Помню, какой-то самоуверенный фельетонист из официальной русской газеты остроумно заметил: ‘И придумал же Куприн странное занятие — садиться на ежей, раздевшись’.
Однако вчерашний день показал с жестокой наглядностью всю колючую справедливость моего грубого сравнения. А мы ли не хвалились уничтожить крошечную страну в один присест?
Мы много чего нахвастали перед лицом истории и мира. Так однажды мы воскликнули патетически: ‘Да. Мы подписали поистине похабный мир. Но это временная передышка, необходимая для устройства дел семейных. Однако, горе тебе, о Германия, если ты нарушишь хотя одну йоту Брестского договора. Священную войну объявим мы тебе, жестоковыйная!’
И Малороссию собирались мы вернуть к федеративно-республиканско-советскому порядку, встряхнуть ее могучей дланью, одетой в железную перчатку. Вышло ли из этой похвалы что-нибудь путное, кроме того, что мы лишены керосина, угля и пшеницы. Мне возразят: но за спинами Финляндии и Малороссии стояла Германия. И на это отвечу: везде, во всякой веревочке современного мирового театра красных марионеток, чувствуется дерганье германской лицемерной руки.. Всюду, за исключением Сибири. Но почему же не предположить, что и там за кулисами незримо орудует дюжая желтая рука?
Мой здравый смысл отказывается верить в возможность объявления войны Сибири. Это карательная авантюра, предпринятая вглубь суровой и богатой страны, с растянутой чуть ли не на четверть земного шара коммуникационной линией, при однорельсовой железной дороге, при давнишнем враждебном отношении к русским монгольских племен, при несомненном выступлении Японии, грозит новым позорным и кровавым крахом.
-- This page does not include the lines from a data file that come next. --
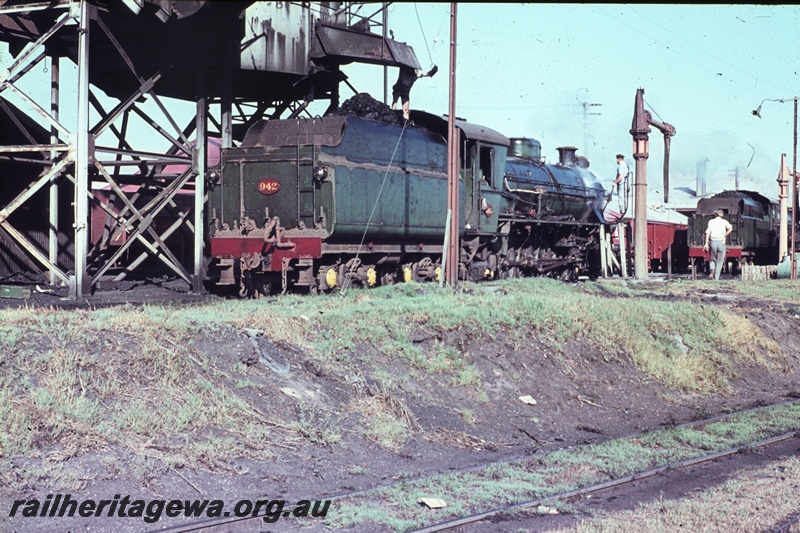 T04477
W class 942 steam locomotive being coaled at the Bunbury Locomotive Depot. Note the fireman on the tender. SWR line
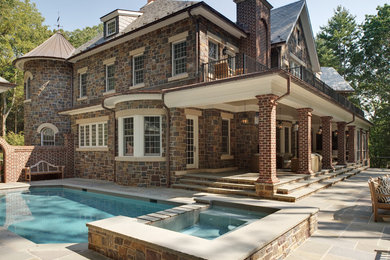 Inspiration for a large timeless brown three-story stone gable roof remodel in New York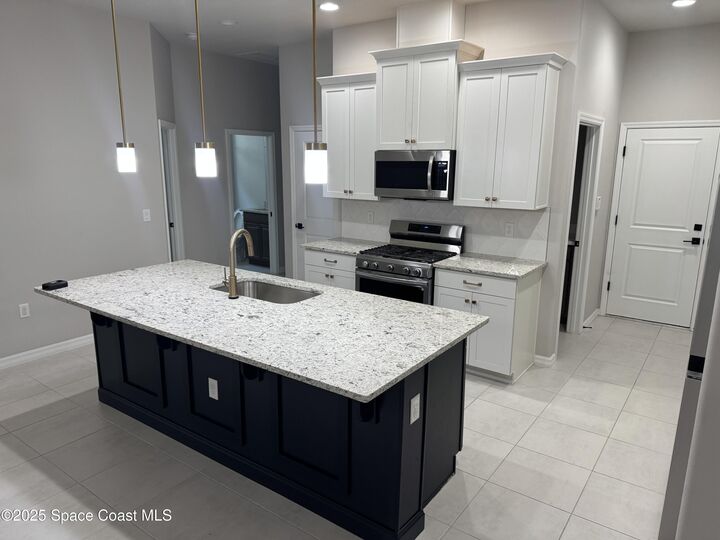 Property Photo:  8117 Tethys Court  FL 32940 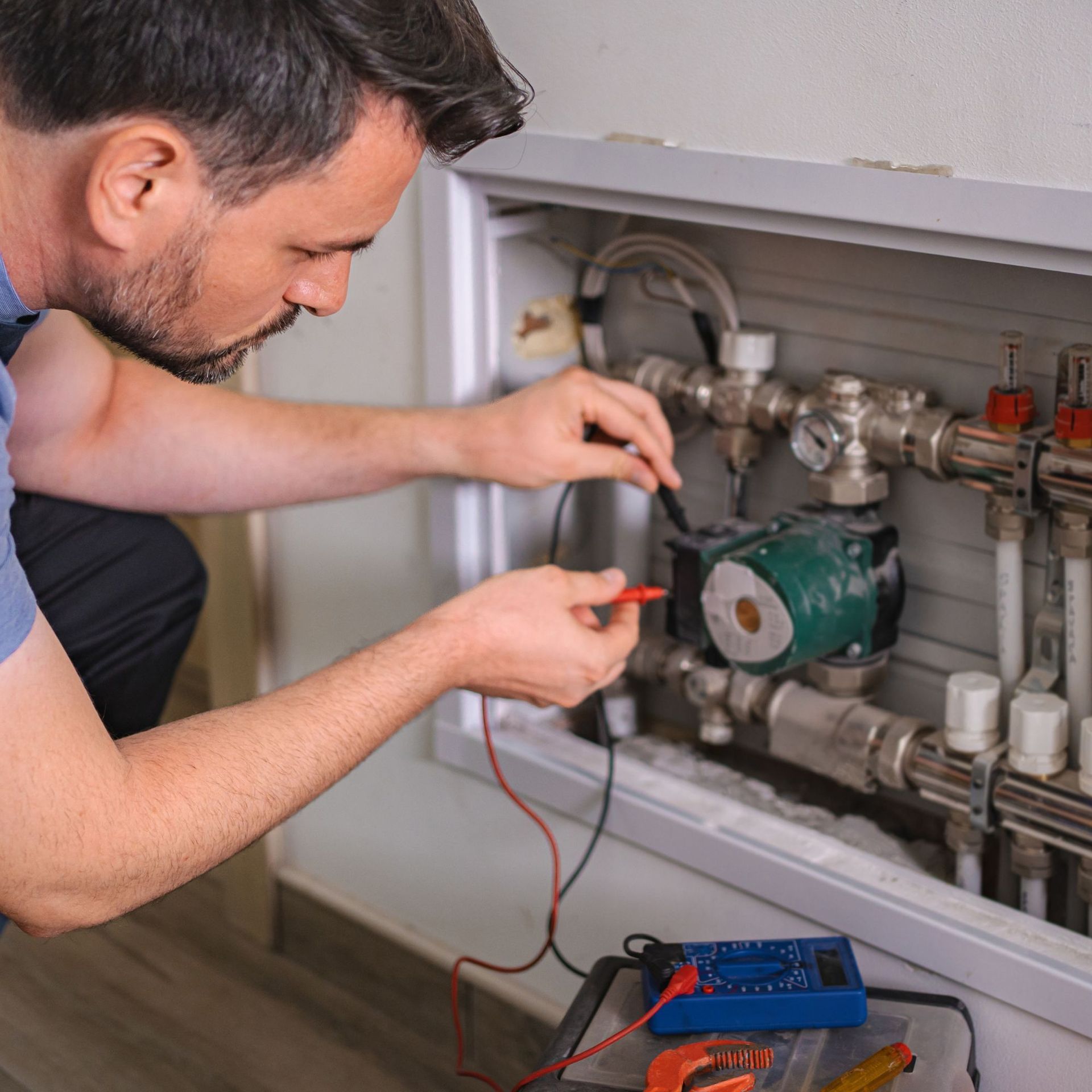 Man in blue shirt tests wires connected to heating system, using a multimeter.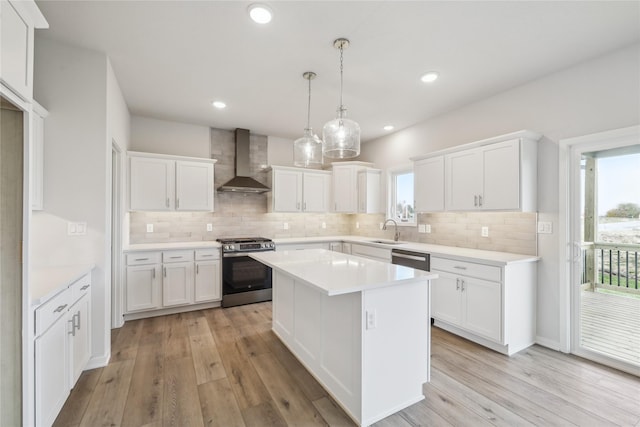 kitchen with wall chimney range hood, stainless steel range with gas stovetop, light hardwood / wood-style floors, white cabinets, and a kitchen island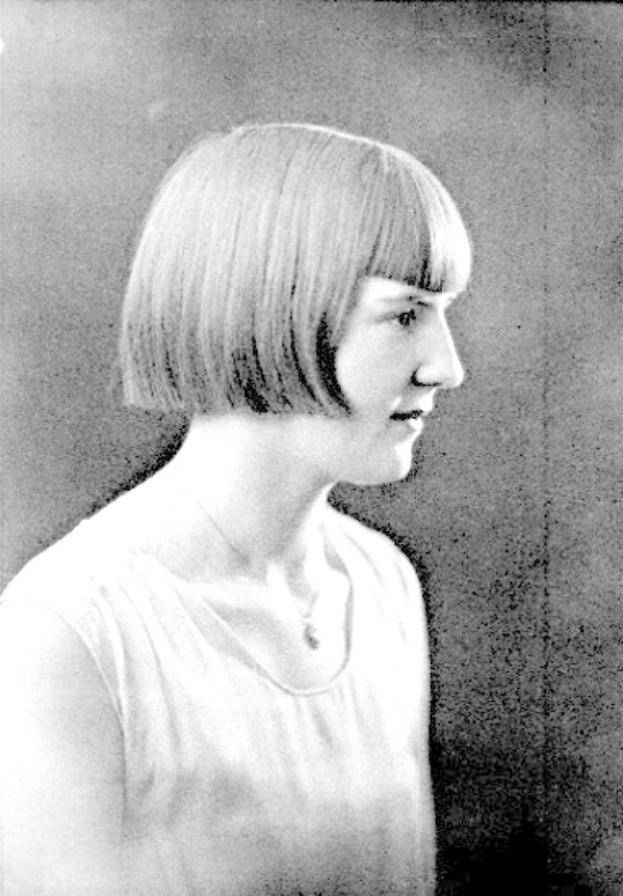 Ein Schwarz-Weiß-Foto einer Frau mit einem kurzen Bob-Haarschnitt, ihr Gesicht ist deutlich zu erkennen, mit zur Seite schauenden Augen und leicht geöffneten Lippen.
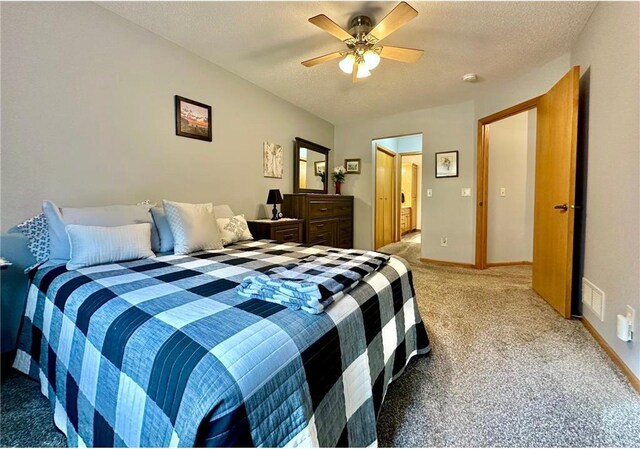 bedroom with visible vents, light carpet, ceiling fan, a textured ceiling, and baseboards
А, главное, бесцельным крахом. Спрашивается: ну, какая же в самом деле, серьезная причина для объявления войны Сибири? Оказывается, Сибирь, видите ли, свергла Советскую власть. Ну и Бог с нею, с этой далекой и глупой Сибирью. Почем знать, может быть, ей по этнографическим, климатическим и другим условиям власть Советов не с руки? Зачем же навязываться, проявляя ревность, чувствительность, нервозность и обидчивость? Тем более, что отказываясь от советских благодеяний, Сибирь вовсе не хочет порывать с западной Россией ни духовной, ни коммерческой связи.
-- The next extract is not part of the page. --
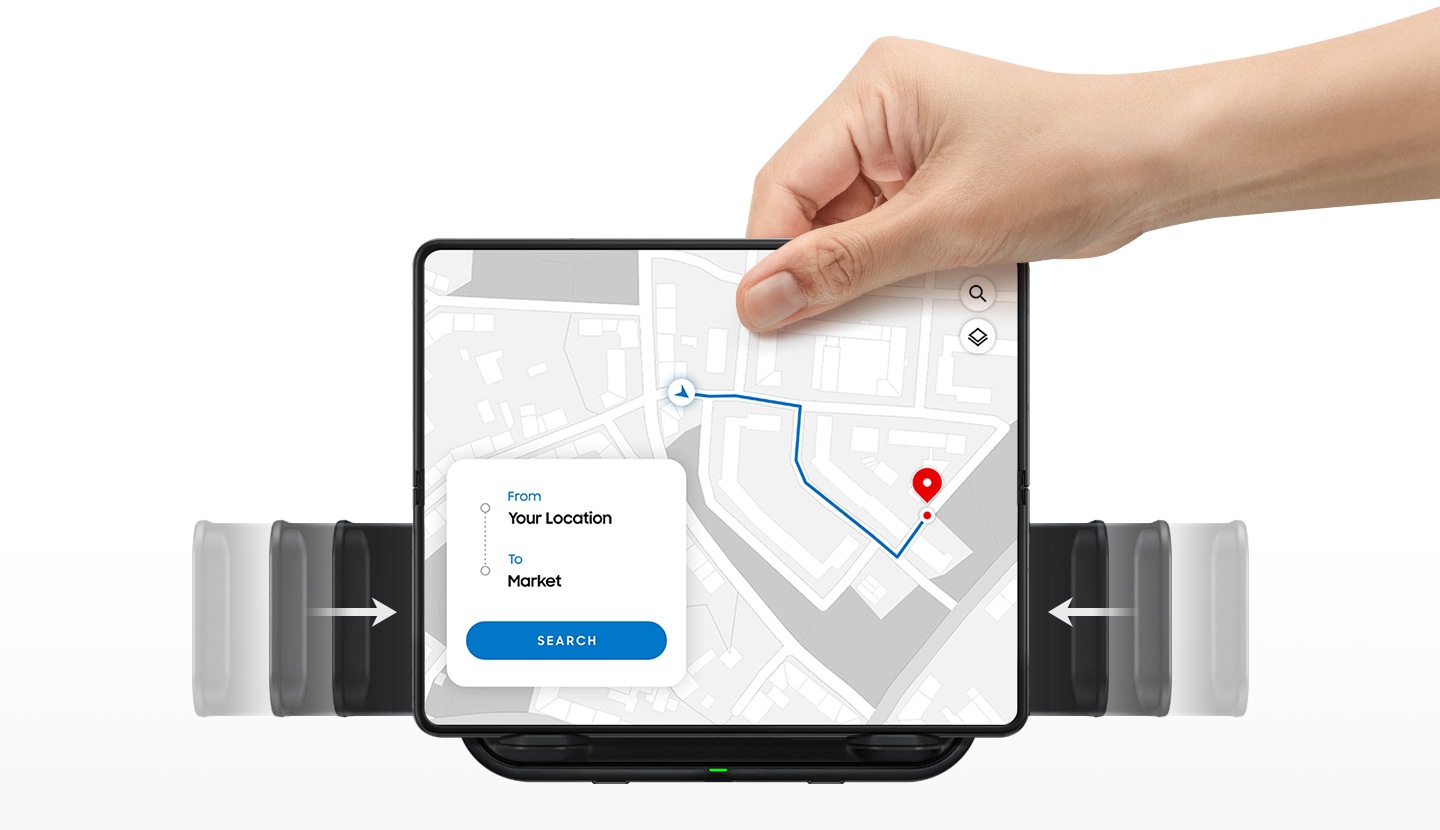 A hand holds the top of a Galaxy Fold. Two arrows on the clamp indicate how the clamp closes to grasp the device. A navigation app is on the phone screen.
Сибирь ясно и толково отвечает на воинственные ноты: ‘Лучше не будем драться. У нас, у чалдонов, есть такой обычай. Зимою, по ночам мы выставляем за окно на наружный подоконник такие хлебы, савостейки, нарочно для бродячих варнаков. Он пройдет своим каторжным, беглым путем, хлеб сунет в мешок, а жителей за то не тронет. Ну и житель его, конечно, не выдаст. Вот, как мы щедры. Не цепляйтесь к нам, тогда у нас и для вас савостеек хватит досыта. А надо еще и то припомнить, что Сибирь населена крепкими, кондовыми людьми, потомками неуживчивых, дерзновенных бунтарей, фанатиков старой веры, неутомимыми охотниками и стрельцами, не особенно высоко ставящими ценность человеческой жизни. И стремиться с ними к бою, это уже не покушение усесться на ежа в неудобной позиции, а нечто более рискованное. Это значит пойти в берлогу к матерой, только что проснувшейся медведице, ждущей гостя с пестуном и медвежатами…
Фельетон впервые напечатан в газете ‘Молва’. — 1918. — No 10.
— скорбный главою царь Додон — сказочный персонаж повести о Бове-королевиче, упоминается как несообразительный, неумный человек.
— савостейки — или савотейки, в Сибири небольшие круглые булки, серенькие на вид и дурные на вкус. Их выкладывают на окна для прохожих бродяг. Отсюда: стрелец савотейный — беглый сибирский бродяга.